The automotive industry has witnessed numerous breakthroughs over the years. The industry currently is on the brink of the digital revolution and moving from traditional driving to a connected and autonomous driving ecosystem. This is majorly happening with developments of the internet of things. As IoT has already introduced connected devices and tools across industries and even at homes, it is now bringing us one step closer to a self-operating world of machines. This technology is set to power future vehicles and transform the driving experience while improving businesses' operational capabilities with a vehicle fleet.

Modern-day vehicles are already equipped with advanced features, ranging from safety measures to navigation systems. The addition of internet connectivity takes these vehicles to the next level. Using IoT-powered sensors will enable a vehicle to be controlled remotely.

Today, self-driving cars are struggling to find their way on roads. Though considered as secured driving to minimize accidents on roads, many experts are still tentative about fully autonomous vehicles. In 2018, Uber's self-driving car hit a pedestrian while testing on the roads of Tempe, Arizona. It garnered a lot of media coverage over the safety of such cars. Even many reports still ask who will be responsible if an autonomous car hits people? However, later a year after the fatality, the National Transportation Safety Board (NTSB) released the results of its investigation into the Uber crash in Tempe, which highlighted many human errors.

Despite this, many automakers are increasingly racing to bring the first fully autonomous car to the world. Last year, the self-driving unit of Google's sister-company Alphabet, Waymo reportedly carried out successful autonomous taxis trials in California, transporting over 6,200 people in the first month. Tesla, on the other side, is also making big strides forward in bringing self-driving technologies and autonomy into the future of automotive. In October 2020, the automotive giant sent out its full self-driving software to a small group of owners who test it on public roads, enabling the vehicles to better steer and accelerate without human hands and feet.

Ford is another car manufacturer stepping towards autonomous driving, with vehicles being tested in Pittsburgh, Palo Alto, Miami, Washington D.C. and Detroit. With its partner Argo AI, Ford plans to trial its fleet of self-driving cars in Austin, intending to launch a wider-reaching autonomous taxi and delivery service in 2021.

Apart from the development of such vehicles, many brands are also seeking autonomous vehicles for their business. For instance, retail giant Walmart is using autonomous cargo vans to deliver groceries in Arizona. In late December, the company announced to expand its driverless delivery capabilities in Arkansas with autonomous vehicle company Gatik. Conversely, Pizza Hut is working with Toyota to deliver pizzas via autonomous vehicles.

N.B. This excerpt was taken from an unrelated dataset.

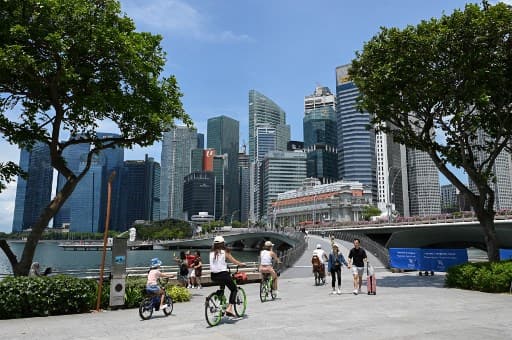 Singapore reports highest temperature in 40 years; short-duration showers expected next week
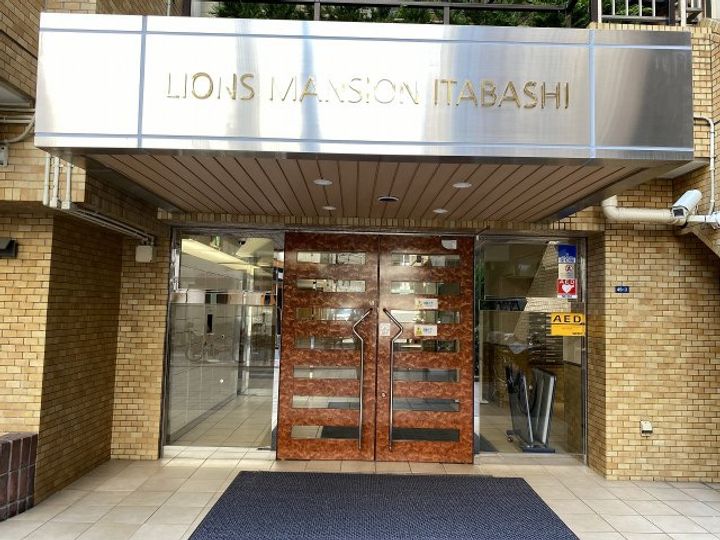 ライオンズマンション板橋の地図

While autonomous vehicles will play a crucial role in the future of automotive, devices powered by IoT provide inclusive information about the condition and performance of each vehicle as well as the driver's behavior. This technology will also help in fleet management by offering to a fleet manager real-time location monitoring of the fleet, tracking traffic conditions on the road, measuring weight/volume of cargo that the fleet is carrying, and providing time and driver management. The IoT technology will enable cars to connect over an IoT network called CV2X (cellular vehicle to everything) that connects vehicles and smart transport systems with each other. Moreover, IoT in automotive will open new avenues for car manufacturers and buyers worldwide.